While snatching a minute to read a magazine (Living Etc, since you ask: For realistic aspiration) I look down at my foot with its five week-old pedicure and less than peachy skin and I am brought back from interiors reverie (used to be sex, was always sex, now is rarely sex. Or, if it is sex, it requires a committed concentration rather than just a… drift. And it’s unexpectedly pervy) to here.
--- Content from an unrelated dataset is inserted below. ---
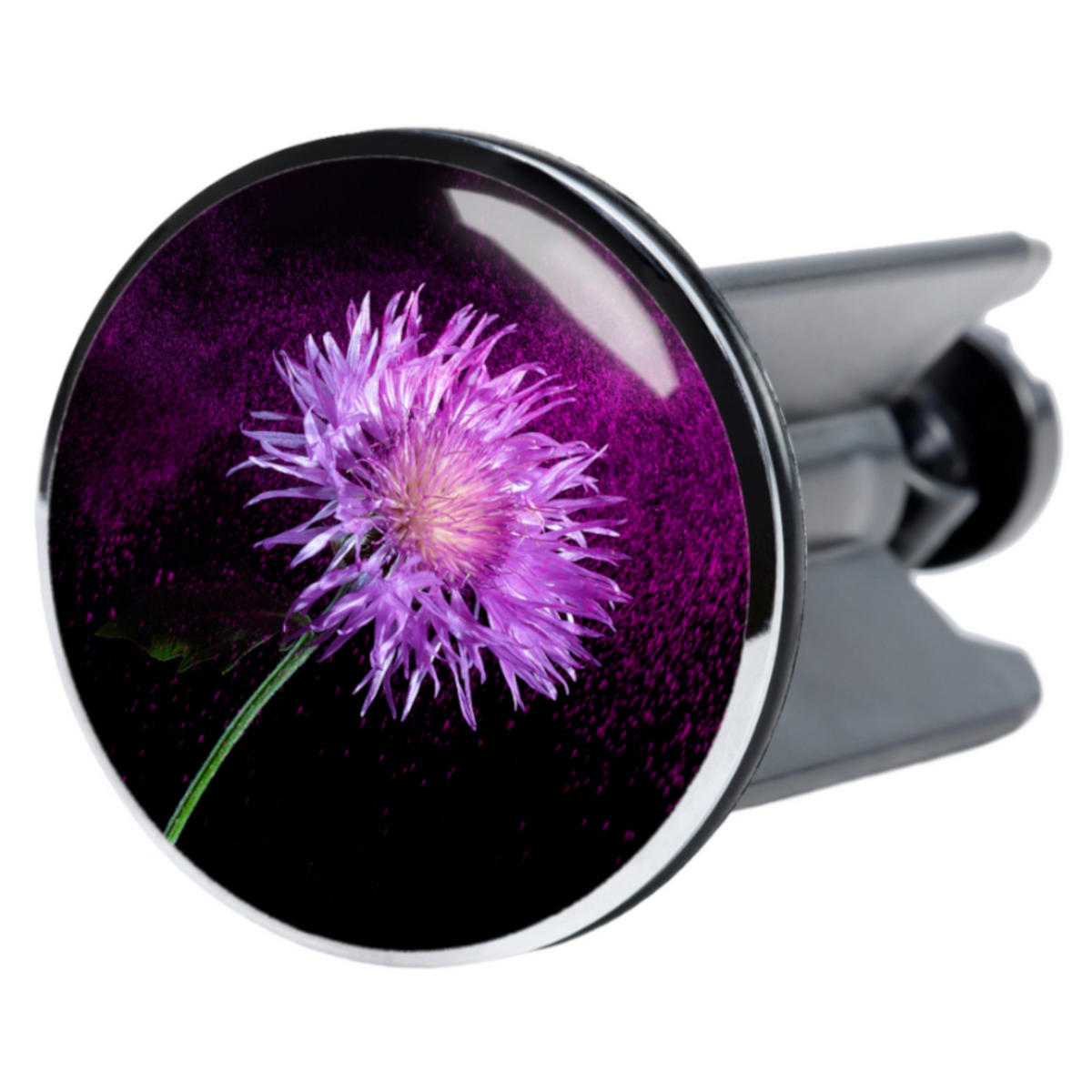 WASCHBECKENSTÖPSEL Purple Dust - Violett, Kunststoff/Metall (4/7/7cm) - Sanilo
It is only now that I realise ‘here’ didn’t happen on purpose. I met who I met or I didn’t meet anyone. I live where I live because it popped up at the time. I drive what I drive because – for a reason now long expired – it seemed like a good idea. I wear what I wear because it fits, I can afford it and it presented itself to me in some sinister way. And my personality? Clearly a wild swing from whatever it was five minutes ago. That is the colour and the texture of my ‘here’. Part choice, mostly circumstance. Sometimes an internal howl of, “When will something shift?” followed by a wail of, “I can’t deal with all this change.” Madness. Midness.
Be present, they say. Be mindful. Be here. But here is the most confusing part. ‘There’ is perfectly fathomable. ‘Then’ was what it was. But ‘here’ has a strange self-judgement attached to it. An odd and unwelcome finality. What, so this is me? If I’m to enjoy the journey, please don’t chain me to the idea of ‘here’. It just doesn’t help.